• **WORK ORDER**
Give the entries again in full. Nothing may be altered.

(Beginning of INPUT MATERIAL)

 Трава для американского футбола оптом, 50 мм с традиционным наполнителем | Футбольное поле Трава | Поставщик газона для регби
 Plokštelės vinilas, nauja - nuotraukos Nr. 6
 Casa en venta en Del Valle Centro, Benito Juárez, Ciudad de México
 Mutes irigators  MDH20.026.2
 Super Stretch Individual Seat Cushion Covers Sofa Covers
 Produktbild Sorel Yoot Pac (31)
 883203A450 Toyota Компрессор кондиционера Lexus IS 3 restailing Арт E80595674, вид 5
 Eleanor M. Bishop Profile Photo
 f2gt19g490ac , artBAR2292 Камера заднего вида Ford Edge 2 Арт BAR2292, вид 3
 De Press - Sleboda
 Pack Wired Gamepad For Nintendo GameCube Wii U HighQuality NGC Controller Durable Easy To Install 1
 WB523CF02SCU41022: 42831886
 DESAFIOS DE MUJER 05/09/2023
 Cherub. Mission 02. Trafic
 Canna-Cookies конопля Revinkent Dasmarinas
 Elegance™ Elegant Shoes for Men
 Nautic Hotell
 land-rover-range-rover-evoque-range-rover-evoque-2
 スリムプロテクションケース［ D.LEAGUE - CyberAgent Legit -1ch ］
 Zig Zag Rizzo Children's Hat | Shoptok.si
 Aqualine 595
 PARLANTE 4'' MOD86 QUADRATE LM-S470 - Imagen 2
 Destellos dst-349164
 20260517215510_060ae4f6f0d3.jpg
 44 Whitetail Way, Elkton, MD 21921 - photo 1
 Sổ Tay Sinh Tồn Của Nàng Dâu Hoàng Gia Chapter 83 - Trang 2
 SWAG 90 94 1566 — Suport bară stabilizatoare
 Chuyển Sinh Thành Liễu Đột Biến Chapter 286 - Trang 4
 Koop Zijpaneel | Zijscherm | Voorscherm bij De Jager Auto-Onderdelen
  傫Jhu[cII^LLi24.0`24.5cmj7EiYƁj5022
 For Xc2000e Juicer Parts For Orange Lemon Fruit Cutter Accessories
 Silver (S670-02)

(End of INPUT MATERIAL)

• **SOLVED EXERCISE**
 Трава для американского футбола оптом, 50 мм с традиционным наполнителем | Футбольное поле Трава | Поставщик газона для регби
 Plokštelės vinilas, nauja - nuotraukos Nr. 6
 Casa en venta en Del Valle Centro, Benito Juárez, Ciudad de México
 Mutes irigators  MDH20.026.2
 Super Stretch Individual Seat Cushion Covers Sofa Covers
 Produktbild Sorel Yoot Pac (31)
 883203A450 Toyota Компрессор кондиционера Lexus IS 3 restailing Арт E80595674, вид 5
 Eleanor M. Bishop Profile Photo
 f2gt19g490ac , artBAR2292 Камера заднего вида Ford Edge 2 Арт BAR2292, вид 3
 De Press - Sleboda
 Pack Wired Gamepad For Nintendo GameCube Wii U HighQuality NGC Controller Durable Easy To Install 1
 WB523CF02SCU41022: 42831886
 DESAFIOS DE MUJER 05/09/2023
 Cherub. Mission 02. Trafic
 Canna-Cookies конопля Revinkent Dasmarinas
 Elegance™ Elegant Shoes for Men
 Nautic Hotell
 land-rover-range-rover-evoque-range-rover-evoque-2
 スリムプロテクションケース［ D.LEAGUE - CyberAgent Legit -1ch ］
 Zig Zag Rizzo Children's Hat | Shoptok.si
 Aqualine 595
 PARLANTE 4'' MOD86 QUADRATE LM-S470 - Imagen 2
 Destellos dst-349164
 20260517215510_060ae4f6f0d3.jpg
 44 Whitetail Way, Elkton, MD 21921 - photo 1
 Sổ Tay Sinh Tồn Của Nàng Dâu Hoàng Gia Chapter 83 - Trang 2
 SWAG 90 94 1566 — Suport bară stabilizatoare
 Chuyển Sinh Thành Liễu Đột Biến Chapter 286 - Trang 4
 Koop Zijpaneel | Zijscherm | Voorscherm bij De Jager Auto-Onderdelen
  傫Jhu[cII^LLi24.0`24.5cmj7EiYƁj5022
 For Xc2000e Juicer Parts For Orange Lemon Fruit Cutter Accessories
 Silver (S670-02)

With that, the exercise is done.